College of Information Engineering, Yangzhou University, Yangzhou 225127, China.
Research and Development Center for E-Learning, Ministry of Education, Beijing 100039, China.
Sensors (Basel). 2022 Jun 19;22(12):4621. doi: 10.3390/s22124621.

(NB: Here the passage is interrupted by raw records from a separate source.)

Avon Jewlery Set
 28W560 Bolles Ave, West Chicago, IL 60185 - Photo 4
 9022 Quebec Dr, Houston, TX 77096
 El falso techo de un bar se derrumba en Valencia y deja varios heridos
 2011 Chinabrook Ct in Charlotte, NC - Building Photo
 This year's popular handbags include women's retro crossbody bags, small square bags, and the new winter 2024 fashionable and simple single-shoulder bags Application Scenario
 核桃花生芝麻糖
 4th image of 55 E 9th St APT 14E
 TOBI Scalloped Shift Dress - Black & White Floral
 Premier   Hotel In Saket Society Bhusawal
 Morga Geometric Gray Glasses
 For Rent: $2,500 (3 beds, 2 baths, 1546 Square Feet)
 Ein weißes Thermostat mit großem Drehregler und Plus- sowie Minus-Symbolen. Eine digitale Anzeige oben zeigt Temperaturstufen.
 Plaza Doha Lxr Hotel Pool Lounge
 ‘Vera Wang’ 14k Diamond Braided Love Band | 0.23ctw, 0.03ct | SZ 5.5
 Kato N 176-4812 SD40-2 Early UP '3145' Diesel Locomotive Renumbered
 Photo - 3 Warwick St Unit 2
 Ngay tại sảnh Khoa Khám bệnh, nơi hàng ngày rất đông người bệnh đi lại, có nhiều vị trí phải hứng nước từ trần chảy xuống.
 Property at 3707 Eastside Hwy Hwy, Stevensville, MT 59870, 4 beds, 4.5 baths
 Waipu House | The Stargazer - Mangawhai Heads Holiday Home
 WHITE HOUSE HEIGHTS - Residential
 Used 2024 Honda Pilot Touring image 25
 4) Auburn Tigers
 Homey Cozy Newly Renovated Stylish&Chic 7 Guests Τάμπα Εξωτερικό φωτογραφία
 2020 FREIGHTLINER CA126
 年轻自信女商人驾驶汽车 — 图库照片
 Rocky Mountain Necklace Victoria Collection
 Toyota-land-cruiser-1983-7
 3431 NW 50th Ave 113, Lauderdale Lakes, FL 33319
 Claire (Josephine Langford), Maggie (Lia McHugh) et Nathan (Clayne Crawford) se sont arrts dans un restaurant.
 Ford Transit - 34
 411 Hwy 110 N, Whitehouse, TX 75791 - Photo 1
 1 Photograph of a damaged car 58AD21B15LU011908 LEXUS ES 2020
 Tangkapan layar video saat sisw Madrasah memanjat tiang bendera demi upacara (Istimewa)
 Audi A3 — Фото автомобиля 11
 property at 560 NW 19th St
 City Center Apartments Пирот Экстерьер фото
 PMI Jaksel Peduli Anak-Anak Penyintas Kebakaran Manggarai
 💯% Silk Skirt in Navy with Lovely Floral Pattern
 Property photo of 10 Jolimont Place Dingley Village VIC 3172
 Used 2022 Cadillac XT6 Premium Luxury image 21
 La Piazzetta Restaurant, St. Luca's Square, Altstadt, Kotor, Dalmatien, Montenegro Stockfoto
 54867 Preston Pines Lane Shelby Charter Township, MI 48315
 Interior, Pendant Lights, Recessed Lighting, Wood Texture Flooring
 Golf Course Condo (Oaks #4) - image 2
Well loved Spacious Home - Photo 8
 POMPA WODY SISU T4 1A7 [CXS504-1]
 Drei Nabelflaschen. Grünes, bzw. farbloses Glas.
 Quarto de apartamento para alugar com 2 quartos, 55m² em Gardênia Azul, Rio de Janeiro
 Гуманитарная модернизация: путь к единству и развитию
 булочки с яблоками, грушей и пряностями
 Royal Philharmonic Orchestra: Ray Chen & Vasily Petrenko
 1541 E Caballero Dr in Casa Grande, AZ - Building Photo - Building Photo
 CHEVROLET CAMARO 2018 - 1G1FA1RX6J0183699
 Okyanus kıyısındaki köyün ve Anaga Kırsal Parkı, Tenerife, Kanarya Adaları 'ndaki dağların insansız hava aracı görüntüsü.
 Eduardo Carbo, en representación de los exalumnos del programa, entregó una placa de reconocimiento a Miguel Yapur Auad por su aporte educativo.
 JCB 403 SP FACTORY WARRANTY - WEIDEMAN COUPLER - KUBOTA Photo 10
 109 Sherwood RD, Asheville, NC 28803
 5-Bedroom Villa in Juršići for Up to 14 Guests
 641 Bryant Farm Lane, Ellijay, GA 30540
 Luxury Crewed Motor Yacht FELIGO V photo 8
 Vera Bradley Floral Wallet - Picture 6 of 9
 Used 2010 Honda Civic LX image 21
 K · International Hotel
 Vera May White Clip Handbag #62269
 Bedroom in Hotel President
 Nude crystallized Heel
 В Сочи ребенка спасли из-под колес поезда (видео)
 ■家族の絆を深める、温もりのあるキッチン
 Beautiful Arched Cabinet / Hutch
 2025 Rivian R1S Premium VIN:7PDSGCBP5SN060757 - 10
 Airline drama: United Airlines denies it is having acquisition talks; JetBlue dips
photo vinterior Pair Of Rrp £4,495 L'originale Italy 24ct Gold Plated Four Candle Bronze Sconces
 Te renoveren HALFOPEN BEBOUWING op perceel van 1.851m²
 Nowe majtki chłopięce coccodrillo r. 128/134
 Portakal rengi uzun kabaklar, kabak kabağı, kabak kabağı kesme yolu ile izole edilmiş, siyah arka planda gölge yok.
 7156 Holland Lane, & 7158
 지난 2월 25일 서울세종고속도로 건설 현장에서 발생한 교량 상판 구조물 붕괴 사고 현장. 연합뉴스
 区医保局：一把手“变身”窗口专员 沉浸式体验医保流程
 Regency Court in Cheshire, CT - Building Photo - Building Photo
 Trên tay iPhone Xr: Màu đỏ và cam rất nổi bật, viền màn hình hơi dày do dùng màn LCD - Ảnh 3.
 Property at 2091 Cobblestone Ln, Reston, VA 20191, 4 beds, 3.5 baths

With countless devices connected to the Internet of Things, trust mechanisms are especially important. IoT devices are more deeply embedded in the privacy of people's lives, and their security issues cannot be ignored. Smart contracts backed by blockchain technology have the potential to solve these problems. Therefore, the security of smart contracts cannot be ignored. We propose a flexible and systematic hybrid model, which we call the Serial-Parallel Convolutional Bidirectional Gated Recurrent Network Model incorporating Ensemble Classifiers (SPCBIG-EC). The model showed excellent performance benefits in smart contract vulnerability detection. In addition, we propose a serial-parallel convolution (SPCNN) suitable for our hybrid model. It can extract features from the input sequence for multivariate combinations while retaining temporal structure and location information. The Ensemble Classifier is used in the classification phase of the model to enhance its robustness. In addition, we focused on six typical smart contract vulnerabilities and constructed two datasets, CESC and UCESC, for multi-task vulnerability detection in our experiments. Numerous experiments showed that SPCBIG-EC is better than most existing methods. It is worth mentioning that SPCBIG-EC can achieve F1-scores of 96.74%, 91.62%, and 95.00% for reentrancy, timestamp dependency, and infinite loop vulnerability detection.
随着无数物联网设备的连接,信任机制显得尤为重要。物联网设备更深入地嵌入到人们生活的隐私中,其安全问题不容忽视。基于区块链技术的智能合约具有解决这些问题的潜力。因此,智能合约的安全性不容忽视。我们提出了一种灵活的、系统的混合模型,称为串行-并行卷积双向门控循环网络模型与集成分类器(SPCBIG-EC)。该模型在智能合约漏洞检测方面表现出了出色的性能优势。此外,我们还提出了一种适用于我们混合模型的串行-并行卷积(SPCNN)。它可以对输入序列进行特征提取,进行多元组合,同时保留时间结构和位置信息。在模型的分类阶段使用集成分类器来增强其鲁棒性。此外,我们专注于六种典型的智能合约漏洞,并在实验中构建了两个数据集 CESC 和 UCESC,用于多任务漏洞检测。大量实验表明,SPCBIG-EC 优于大多数现有方法。值得一提的是,SPCBIG-EC 可以实现重入、时间戳依赖和无限循环漏洞检测的 F1 分数分别为 96.74%、91.62%和 95.00%。